Friday, December 3, 2010

Furniture and Food!

Great feedback from Notting Hill's First Wednesday Programme.
Silvia Nayla was an incredible furniture store that allowed us to use
our bodies as furniture: decorative and useful. Then, Tiny Robot, was an interesting restaurant, and it was an absolutely fantastic challenge. Pictures to come.
Check out what people have said:

Tuesday, November 23, 2010

post-rosa


The name rosa comes from sub-rosa which is latin for under the rose. Sub-Rosa refers to secret operations, links to confidentiality between people, and is overall, something occurring without public notice; essentially, underground going-ons. Though the experience on sunday was private it was also public; part of it was in confidence, and part of it was extremely exposed. For this reason, it was not necessarily sub-rosa; it was a rosa event.

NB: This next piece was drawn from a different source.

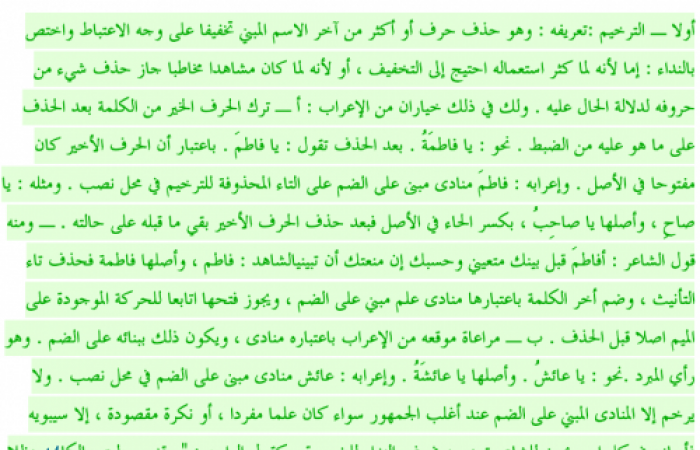 تحضير درس الترخيم للسنة الثانية ثانوي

We welcomed our guests to the Marble Hill Pub. Hopefully there, they felt warm, invited, included, anticipatory. Perhaps after feeling warm and comfortable they felt slightly restless, wanting to know what to expect and when to expect whatever it was that might happen. After they followed the performers outside to the park space, unexpectedly they formed sidelines like at a football game. They divided themselves, keeping us in the middle. From the photography, it seems people were making choices about where they wanted to stand, move to, and for the most part, they remained alone in their experience of ROSA. On one hand, how the spectators received the 'performance' was utterly individualised and non-demanding. The spectators had the control over where they placed their bodies, how close they chose to get to the performers, and whether they remained in the bleak cold observing aggression, play, animalistic behaviour, or comraderie. Though it may seem demanding for an audience to watch something outside in the cold, it was their choice to stay. It could also be seen as non-demanding in that there were no specific seating or standing placements, people had the choice to control their body's positioning. Interestingly, many children and dogs were very engaged in what was going on; the public paused to see what was happening. Most audience members braved the cold. Going back into the pub, like post-football or rugby game attendees, was a breath of comfort, a resort to warmth....

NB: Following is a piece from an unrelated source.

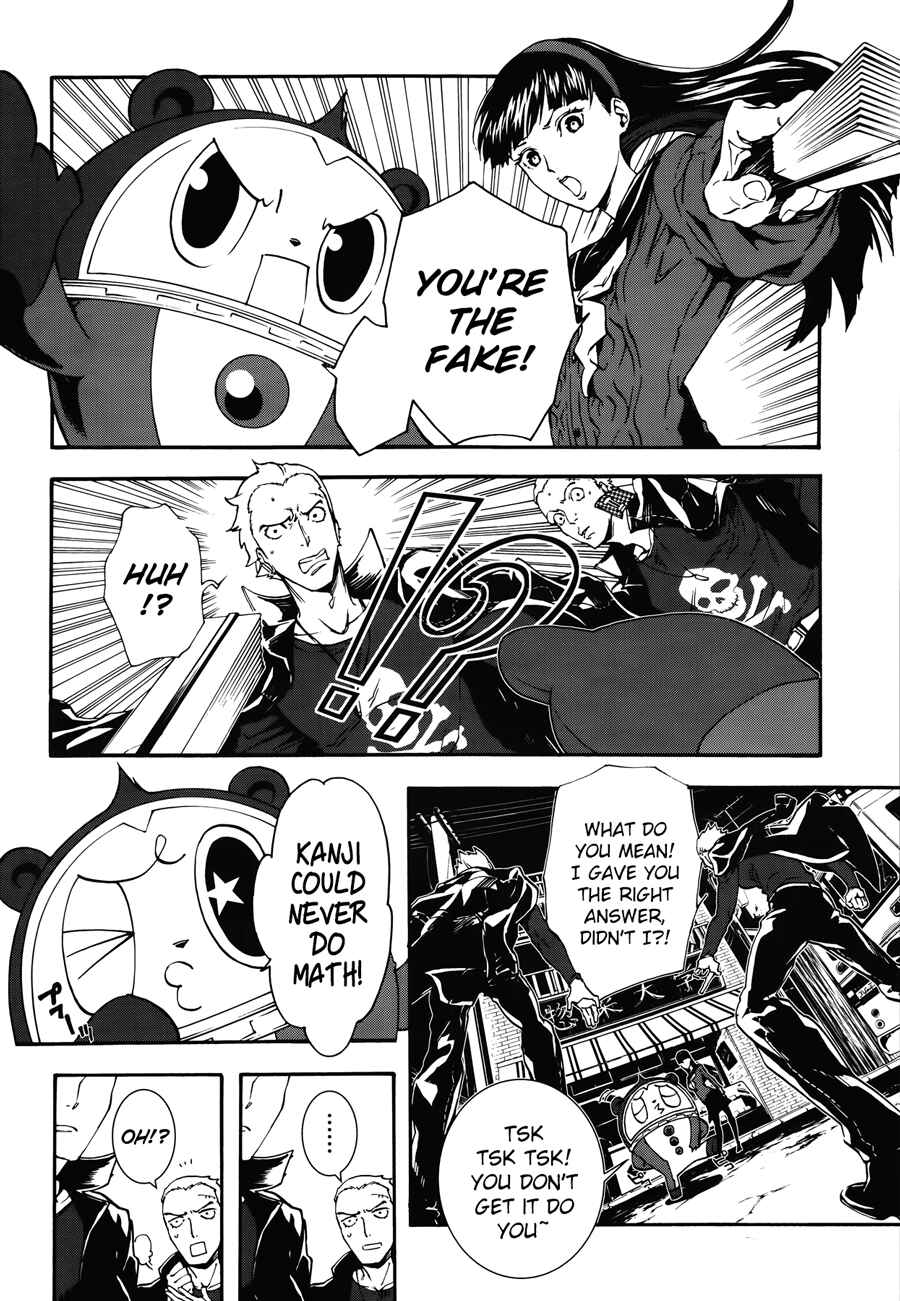 Page 13 Chapter 9 Persona 4 Arena Ultimax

My experience was mainly positive. I felt like I could really manifest aggression in physical form without holding back; the contract we had between each other and our bodies was special. We knew nothing was personal; it was just an expression of athleticism and force that we don't often get to approach so wildly without holding back much. I felt proud of myself when I remained standing. Though there was a moment at the end when I was lying on the ground face down and felt Laura and Nefeli lying near me. I suddenly felt more non-living than I could have imagined. I really felt like I was in another dimension. In order to break the tension, my body started a fit of laughter; in essence, I was laughing at death.

Following the performance it struck me how morbid the imagery could be seen towards the end. We embraced being physical with the body; we mocked the violence of society; we displayed people bringing other people down (women bringing other women down); we demonstrated instances of force that may have been seen as extreme as rape; and we were footballers anticipating the ruggedness of the experience or the possibility of injury. But we were in black, covered in dirt, and some of us were immobile and relaxed/exhausted to the point of total stillness towards the end. It could have easily been seen as dead bodies. We were at the end, encircled by the audience; human curiousity is strong. The audience's bodies contained us; they contained our life and our death; ultimately, there is an underpinning for people controlling people; people trying to control (unsuccessfully) death.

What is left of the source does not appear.